Firstly, it establishes specific regulations for participating loans, defined as those in which the return to lenders is related to the evolution of the borrower's activity, on a basis freely agreed by the parties (ie net profit, business volume, total net worth, etc), with the possibility of a minimum return, specified by a fixed interest rate. The loans are structured as subordinated debt -- that is, the position assumed by the lender in the order of priority of creditors is immediately below that held by ordinary creditors -- and counts as equity, this being the main change.

With respect to the possibility of the borrower effecting an early repayment of the loans, the law allowing the parties to agree on a penalty for this case, it is only permitted if the said repayment is accompanied by an increase in shareholders' net worth for the same amount provided it does not stem from the revaluation of assets. As no minimum maturity has been established for a loan to qualify as a participating loan, it seems that, whatever the period, the loan will count as the borrower's equity, which is somewhat surprising.

Even though certain rules, mainly applicable to industrial reconversion at the beginning of the 1980s and to financial institutions, already recognized this type of loan, a general regulation that could be applied to companies was missing. This notwithstanding, this type of agreement could be entered into on the basis of the parties' free will, although the principal amount lent did not count as part of the equity, as is now the case.

The new rules also clarify the fiscal treatment of accrued interest, whether fixed or floating, deductible from the borrower's corporate tax.

Secondly, in relation to undertakings for collective investment, the investment of part of their assets -- those not subject to coefficient -- is allowed, for the first time, in unlisted securities. Likewise, with some exceptions, the use of derivatives or other techniques to effect proper risk hedging is allowed. Both measures are pending regulatory clarification, and it is difficult at present to accurately determine their final scope.

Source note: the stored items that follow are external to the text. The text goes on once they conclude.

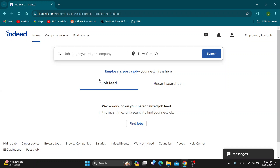Welcome back to today's video. Today I'm going to be showing you how to download and print your resume from Indeed. This is a very simple thing to do, so make sure to watch this quick and easy video to the very end and follow my steps correctly, so you can make sure this works the same for you and you can do this yourself. Let's get straight into it.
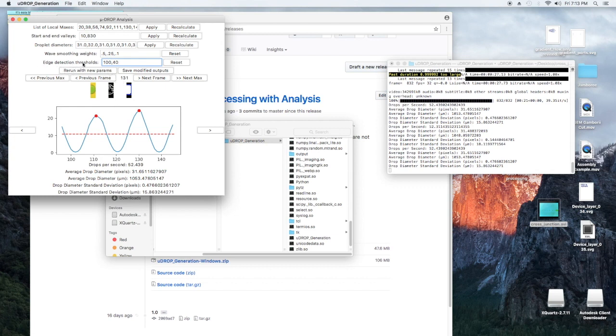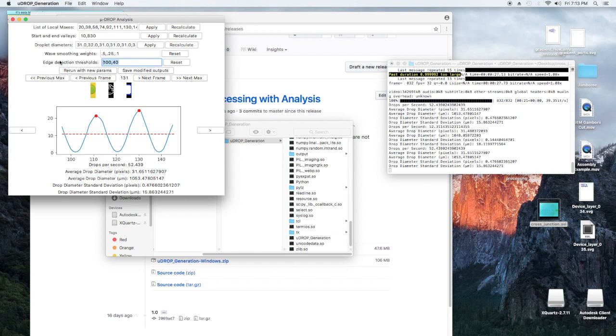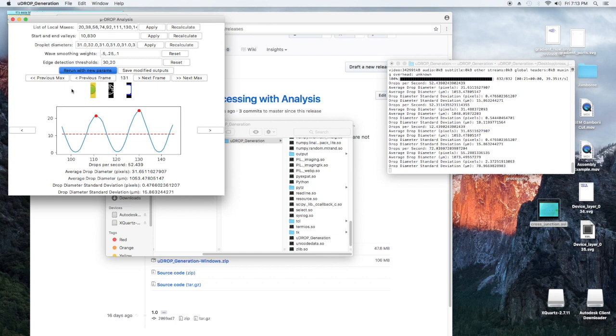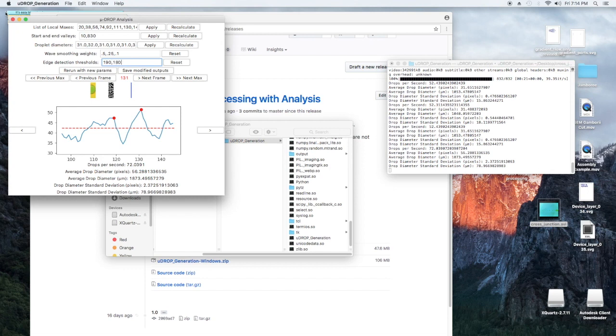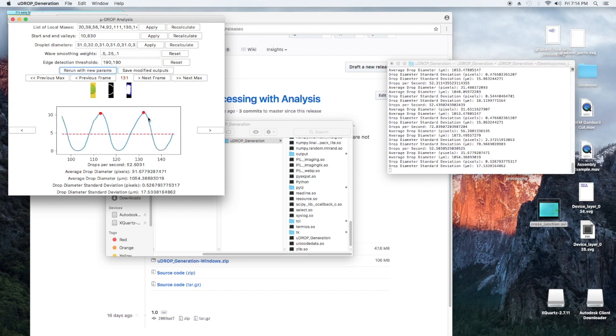The next thing you can do is if your contours are looking weird, you can fix it with the edge detection thresholds, which is a little more complicated. So you're only messing with this if you know what you're doing. But if you are confident that there's a problem with either too much noise or too little noise, I'll show you what too much noise looks like. So let's decrease our threshold values. So let's do 30, 20. Rerun with these params. This is a low edge detection threshold. So it's going to detect a lot of edges like this. And you're going to get a really screwed up graph that looks something like this. And then I'll show you what it looks like when you have way too high edge detection thresholds. We'll do 190, 180.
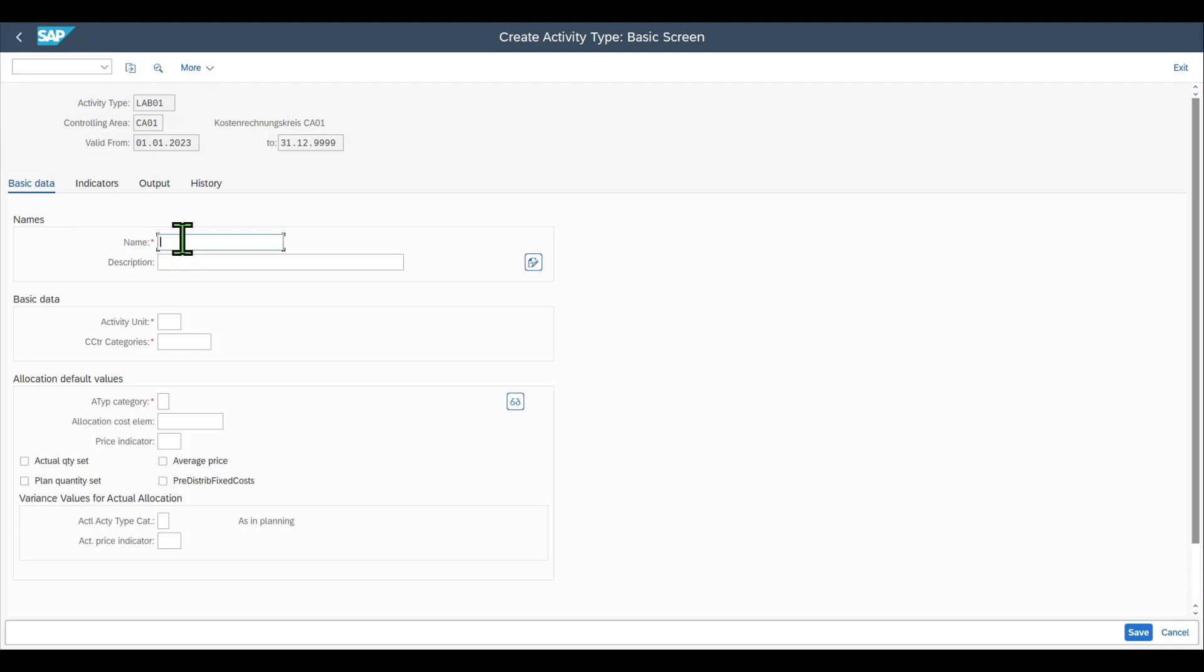We need to provide a name. Let's say labor charges. This name can be up to 20 characters. Also we need a description.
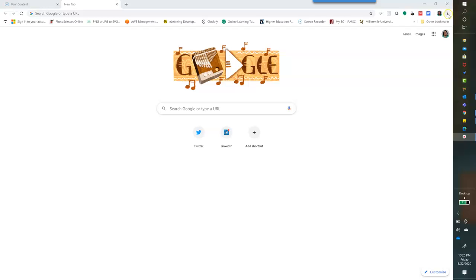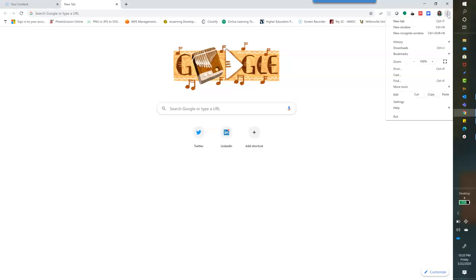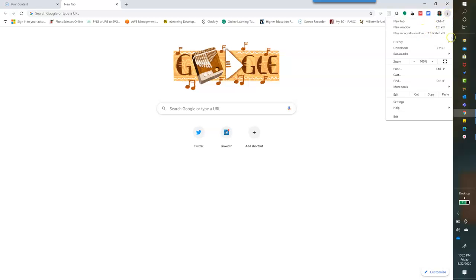So how I do this is I go to the three dots in my menu and select 'new incognito window.' But again, it might be called private browser depending on the type of browser you use.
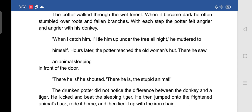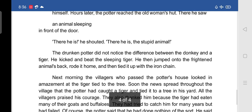In the dark, the potter could not tell whether it was a donkey or a tiger. He thought it was his donkey and shouted, 'There he is! The stupid animal!' The drunken potter did not notice the difference between the donkey and the tiger. He kicked and beat the sleeping tiger, then jumped onto the frightened animal's back, rode it home, and tied it up with the iron chain.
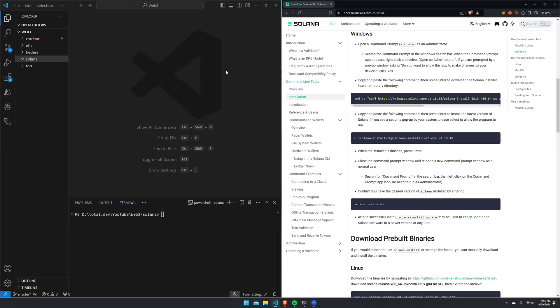Hello, TotalDevelopers back again with another video. Today we will be continuing our Solana DevNet and Transfer with Node.js guide. Without further ado, let's get started.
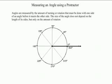This video is going to be over how to measure angles using a protractor. First of all, we need to talk about angles, and angles are measured by the amount of turning or rotation that must be done with one side of an angle before it meets the other side. The size of the angle does not depend on the length of its sides, but only the amount of the rotation.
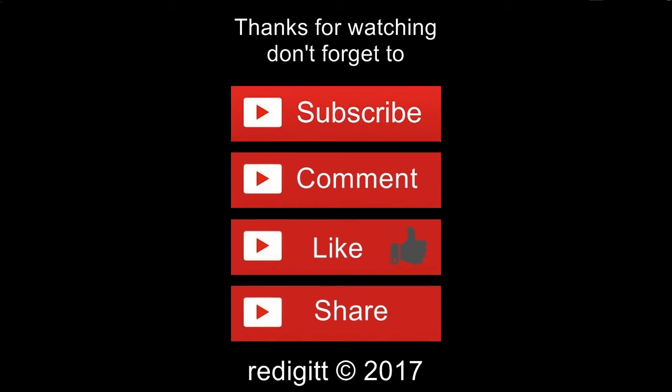please subscribe, like, share and comment. See you next time, goodbye.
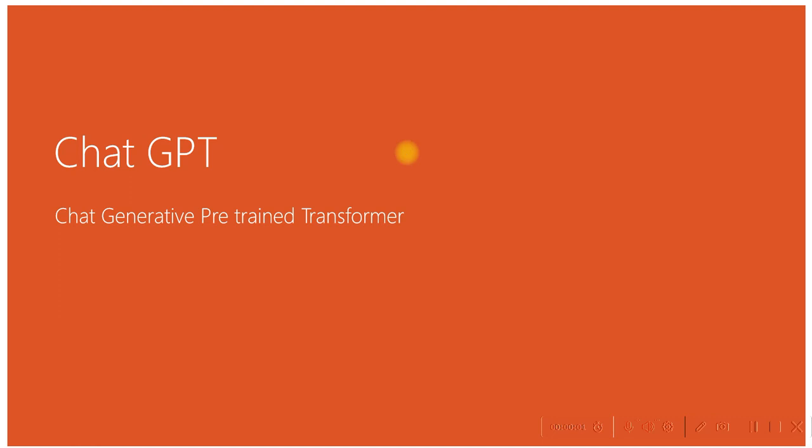Hello guys, welcome to Simply Upgrade channel. Today we will look into ChatGPT - what is ChatGPT, what it does, and how it helps.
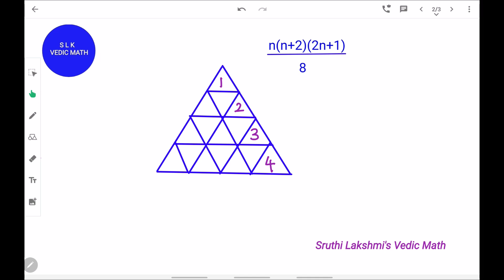Let's try another figure. In this figure there are 4 unit triangles in a side: 1, 2, 3, and 4. So n is 4. n plus 2 is 4 plus 2, which is 6. Next, 2n plus 1: 4 into 2 is 8, and 8 plus 1 is 9, divided by 8.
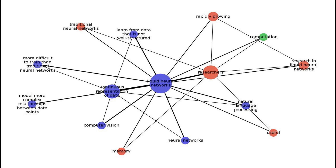However, liquid neural networks also face some unique challenges. One challenge is that they are more difficult to train than traditional neural networks, because the continuous representation of data makes it harder to find the optimal parameters for the network. Another challenge is that liquid neural networks are more computationally expensive, requiring more memory and more computation to train.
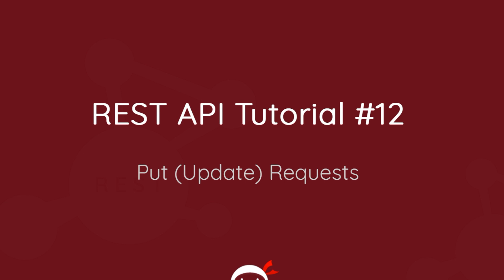Howdy campers and welcome to your 12th REST API tutorial. In this video we're going to take a look at how we can handle put requests.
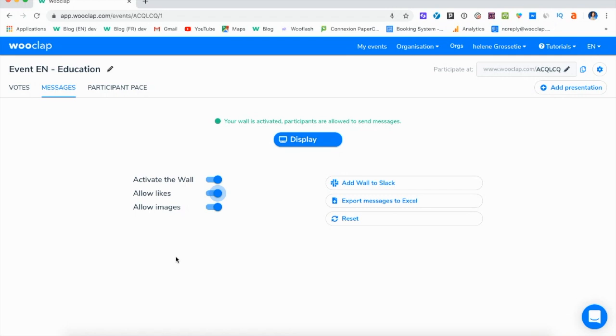This way, participants who are asking the same questions, rather than asking it several times, will just have to like the question to share their interest.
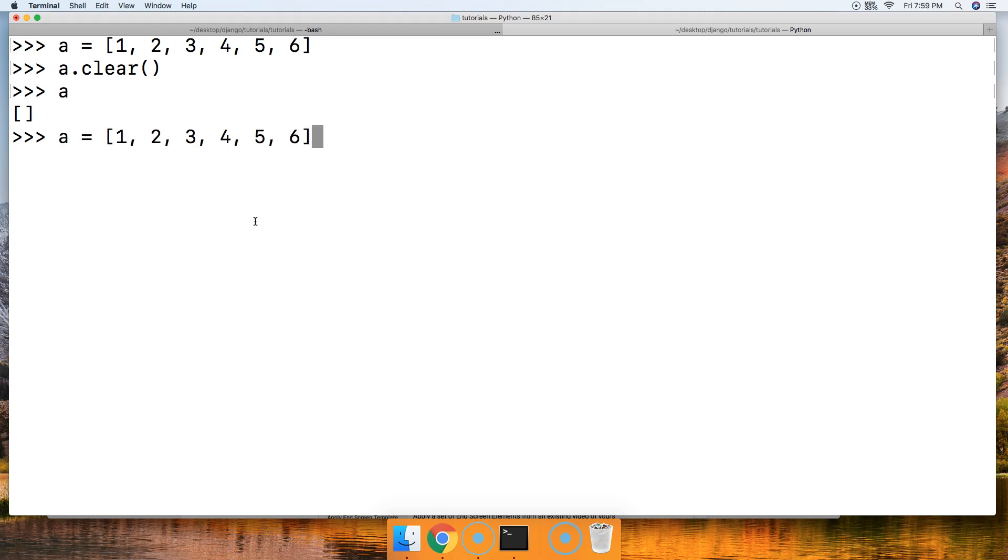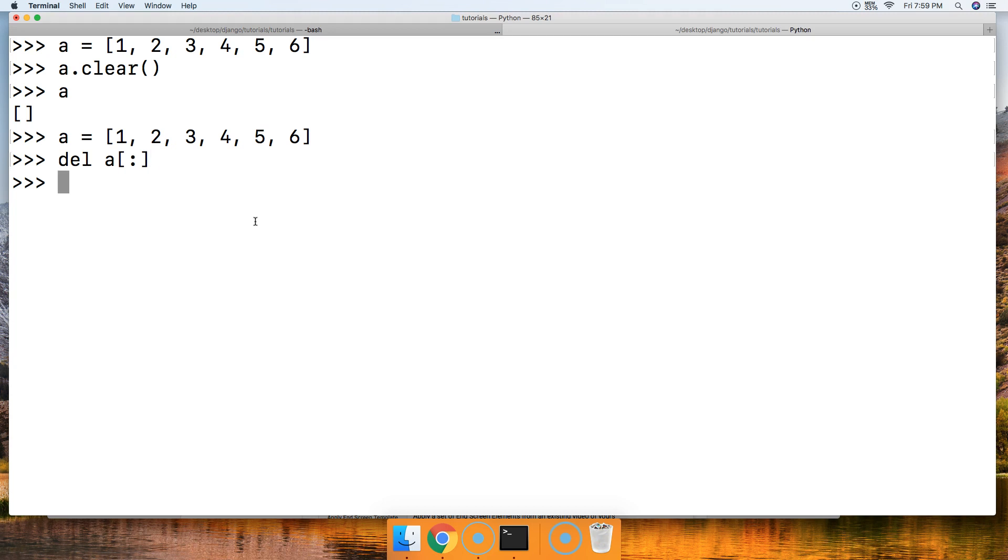So I'm going to call this list one more time. And we're going to do delete a and then square bracket, colon, square bracket, hit return, a empty list. So there you go.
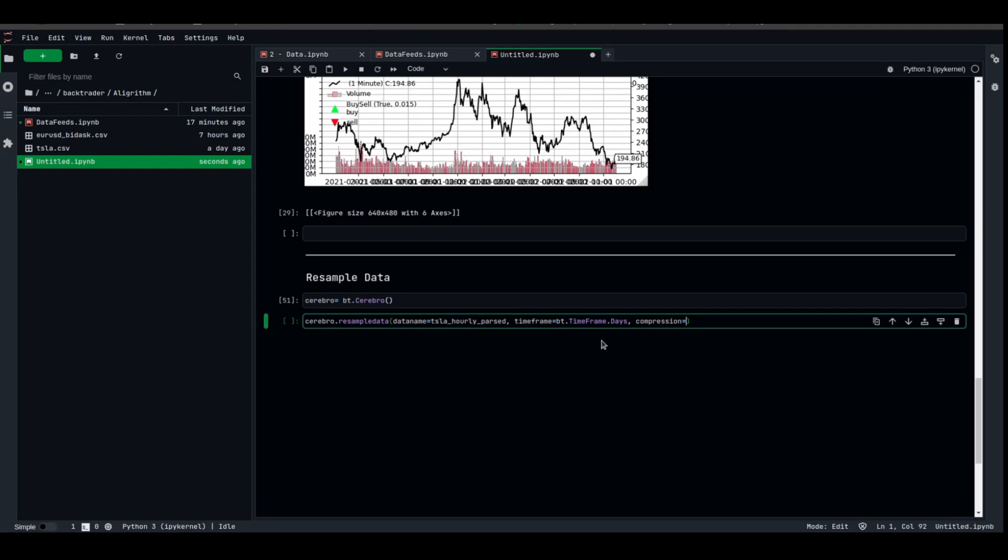Suppose that you have hourly candles and you want to compress them into weekly. You can use days and compress the days into five, five business days. You can always use timeframe weeks with a compression of one. But in our case, I'm gonna try to do it with days and the compression of five.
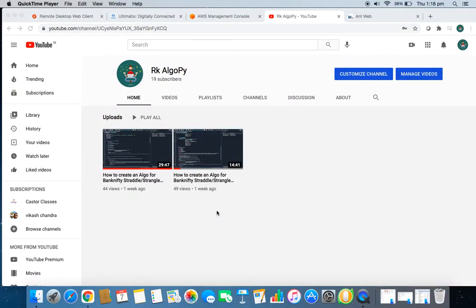Hello guys, welcome back to my channel RK ElgoPy. This is RK, and as promised, I'm going to create a new video on how to run a Python algo in an AWS server, or any server of your choice. Here I will be explaining how to run it on an AWS server.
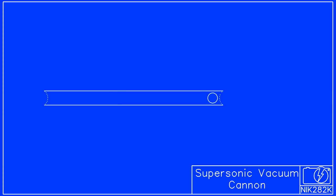The first step to take a vacuum cannon from subsonic up to supersonic is to add a high-pressure chamber to provide significantly more than the 14 psi of Earth's atmosphere to push the ball. With this setup, it's possible to get the ball up to and past Mach 1.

This notwithstanding, the intention seems, on the one hand, to make Spanish internal regulations more flexible to offset the comparative advantages enjoyed by some EU countries which were a determining factor in the creation there of UCITs promoted by Spanish institutions. Subsequent regulatory developments should allow UCITs to guarantee their profitability internally, to use currency and interest hedge instruments, to invest in OTC options and futures, and so on.

On the other hand, the freedom to invest in unlisted shares entails the recognition, in our opinion, of an economic reality, and will allow UCITs to input the capital of companies in new technology sectors not listed on the Exchange. This represents, firstly, an improvement in the funding of such companies that will also be beneficial as regards solvency, liquidity and trustworthiness in that they will be able to avail themselves of UCITs' support. Secondly, it means that these institutions' assets will be used for the development of small and medium-sized Spanish companies, which are an essential part of Spain's productive economy.

In short, and unless subsequent regulatory developments are exceedingly restrictive, the above rules represent a major liberalization of funding sources for companies in general, and of the activity of UCITs in particular, which, in our opinion, will redound to the financial market's advantage.